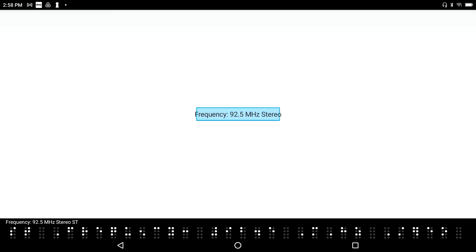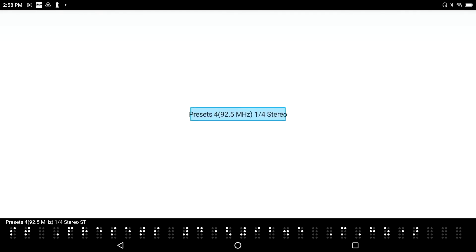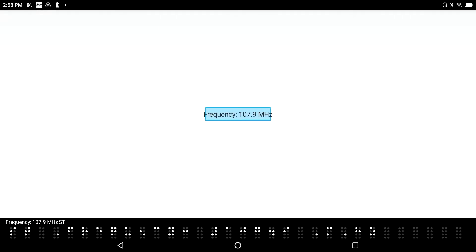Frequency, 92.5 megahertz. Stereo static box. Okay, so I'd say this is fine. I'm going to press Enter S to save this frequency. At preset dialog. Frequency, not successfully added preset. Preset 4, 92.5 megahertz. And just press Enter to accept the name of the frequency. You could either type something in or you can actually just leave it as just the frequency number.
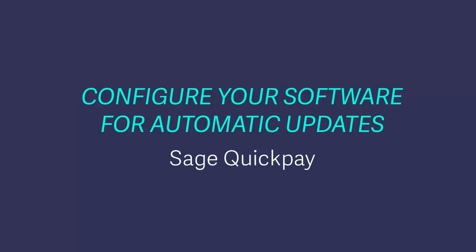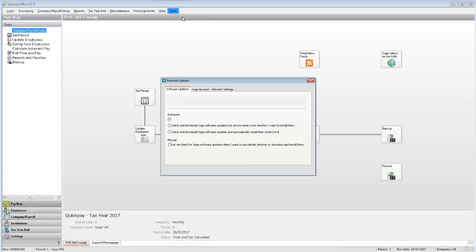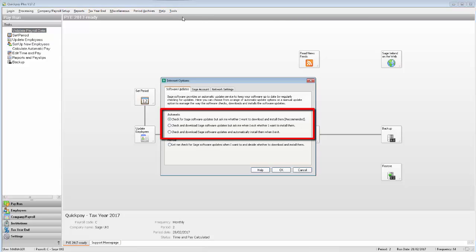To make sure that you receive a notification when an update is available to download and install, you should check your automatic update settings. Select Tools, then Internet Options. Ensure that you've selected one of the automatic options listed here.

* * * * * * * * *

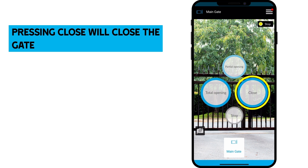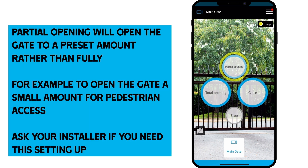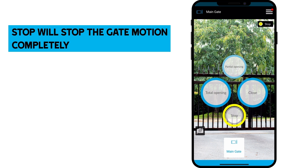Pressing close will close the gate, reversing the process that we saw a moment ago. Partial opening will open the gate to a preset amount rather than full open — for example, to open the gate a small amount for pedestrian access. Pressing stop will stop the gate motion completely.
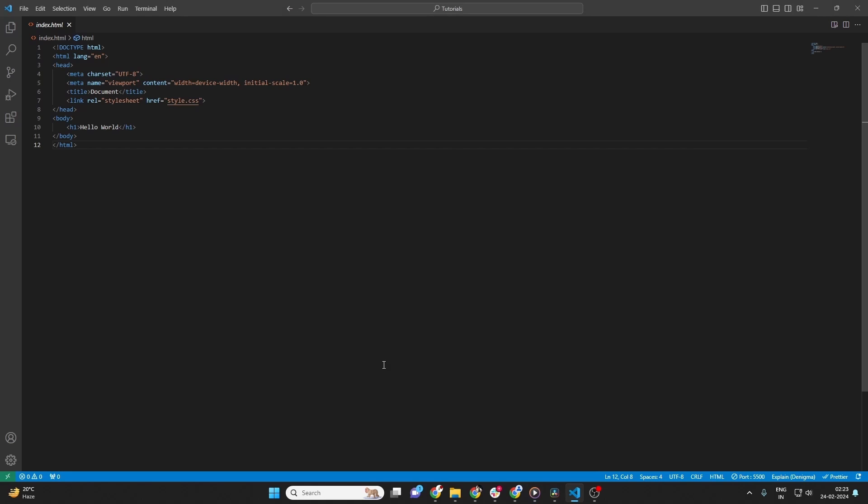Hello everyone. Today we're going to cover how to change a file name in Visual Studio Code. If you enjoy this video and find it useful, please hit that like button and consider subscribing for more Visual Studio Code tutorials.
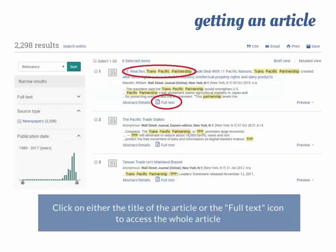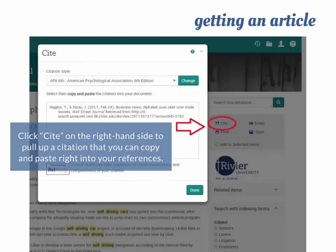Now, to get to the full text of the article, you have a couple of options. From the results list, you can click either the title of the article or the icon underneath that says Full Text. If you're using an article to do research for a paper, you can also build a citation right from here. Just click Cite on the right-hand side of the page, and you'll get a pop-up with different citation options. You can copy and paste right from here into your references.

* * * * * * * * *

* TASK: Working from the data above, repeat exactly, and only, the lines that begin at the line containing "Pressing close will" and stop after the line containing "Now, to get"; pictures are not copied.

* YOUR RESPONSE:
Pressing close will close the gate, reversing the process that we saw a moment ago. Partial opening will open the gate to a preset amount rather than full open — for example, to open the gate a small amount for pedestrian access. Pressing stop will stop the gate motion completely.
Hello everyone. Today we're going to cover how to change a file name in Visual Studio Code. If you enjoy this video and find it useful, please hit that like button and consider subscribing for more Visual Studio Code tutorials.
Now, to get to the full text of the article, you have a couple of options. From the results list, you can click either the title of the article or the icon underneath that says Full Text. If you're using an article to do research for a paper, you can also build a citation right from here. Just click Cite on the right-hand side of the page, and you'll get a pop-up with different citation options. You can copy and paste right from here into your references.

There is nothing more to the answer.